The responses from Meetings Media’s poll seem to echo Conrad’s viewpoint. Almost 71 percent responded "no" when asked if they were concerned that their position may be eliminated if the economy does not show signs of improvement in the next three to six months.
While we may not see a significant number of layoffs in the first two quarters of 2009, it’s uncertain what will happen if the economy does not improve by the third quarter of the year. If the recession continues into the first three to six months of 2009, Westmoreland sees a freezing of programs extending into the third and fourth quarter of the year.
Be Prepared
Just like an earthquake preparedness kit, it’s a good idea to begin gathering your resources in advance if you have concerns about losing your job. Here are some things to do to create your job preparedness kit:
- Update your resume: Make certain your resume includes your most recent work experience and highlights accomplishments and achievements for each position you’ve held. Maintain your resume on your personal computer and not on your computer at work. It’s likely that your employer won’t allow you to access any files on your work computer if they lay you off.

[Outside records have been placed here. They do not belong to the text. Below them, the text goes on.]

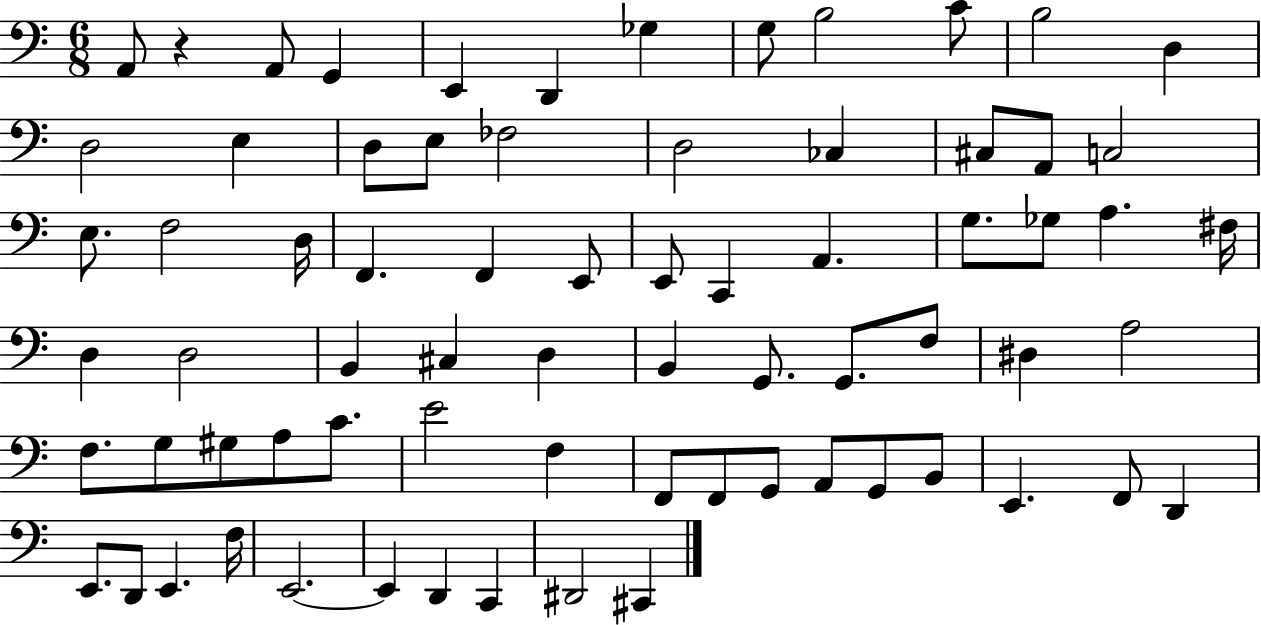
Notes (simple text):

A2/e R/q A2/e G2/q E2/q D2/q Gb3/q G3/e B3/h C4/e B3/h D3/q D3/h E3/q D3/e E3/e FES3/h D3/h CES3/q C#3/e A2/e C3/h E3/e. F3/h D3/s F2/q. F2/q E2/e E2/e C2/q A2/q. G3/e. Gb3/e A3/q. F#3/s D3/q D3/h B2/q C#3/q D3/q B2/q G2/e. G2/e. F3/e D#3/q A3/h F3/e. G3/e G#3/e A3/e C4/e. E4/h F3/q F2/e F2/e G2/e A2/e G2/e B2/e E2/q. F2/e D2/q E2/e. D2/e E2/q. F3/s E2/h. E2/q D2/q C2/q D#2/h C#2/q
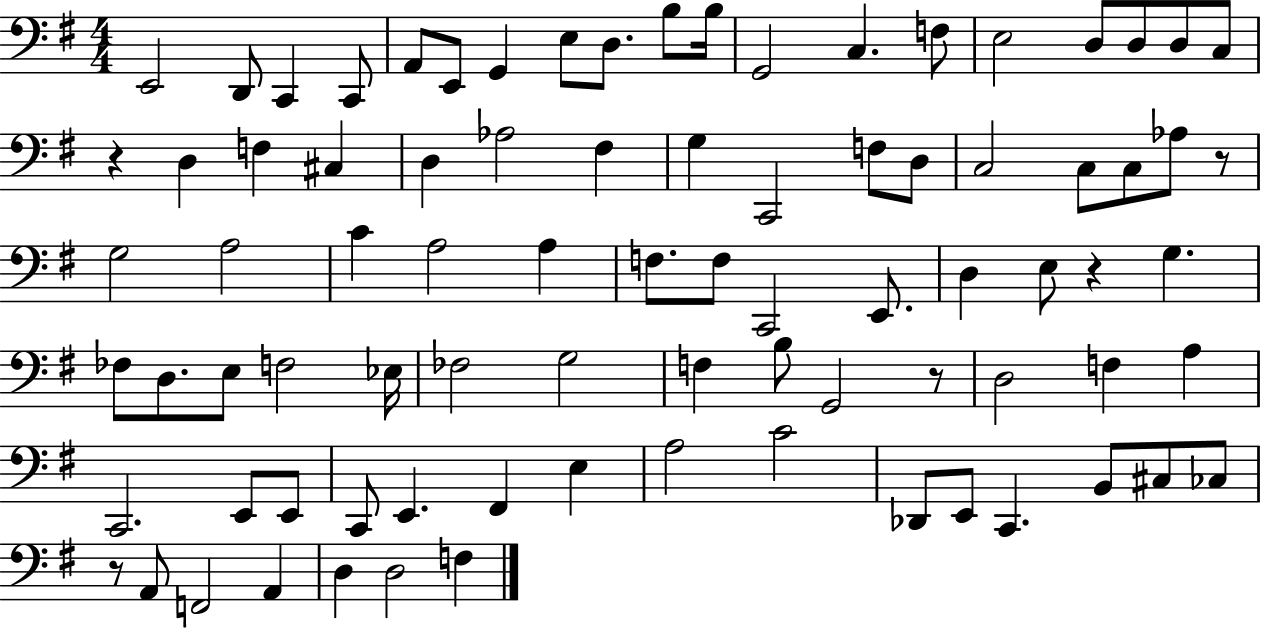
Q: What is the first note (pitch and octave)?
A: E2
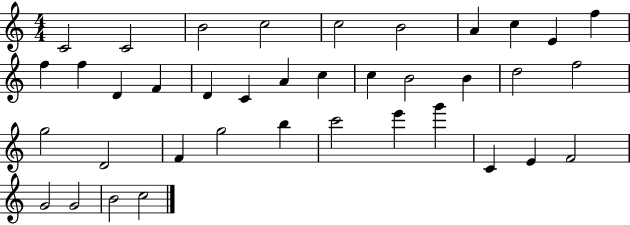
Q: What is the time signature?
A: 4/4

- Revisit your references: Verify that you have current contact information for your references. In these uncertain times, some of your references could be in the same boat as you, so make sure you have an updated phone number and e-mail address. It’s also a good time to check in with your references to let them know about what’s happening with your job and your career goals.
- Protect your professional network: Store contact information about your professional network on a flash drive or make photocopies of their business cards. Don’t assume that your employer will allow you to remove the Rolodex from your desk.
- Evaluate your job search criteria: Are you flexible or rigid about your job search? Would you consider a longer commute, working for a different-size company or organization, or a position that demanded more travel? Relocation may be another option to consider. This is not always an easy decision to make, as evidenced by the fact that 70 percent of the respondents to the poll said they would not consider relocating to another part of the country. Their top three concerns were moving away from family and friends (58 percent), difficulty selling a home (46 percent) and uncertainty if a spouse or partner could find work in a new location (39 percent).
- Stay current with job trends: Keep abreast of what’s happening with new and expanding industries. Economists anticipate job growth in the following areas: construction (roads and highways); healthcare, medical and biotechnology; and renewable energy (wind, geothermal, solar and hydropower).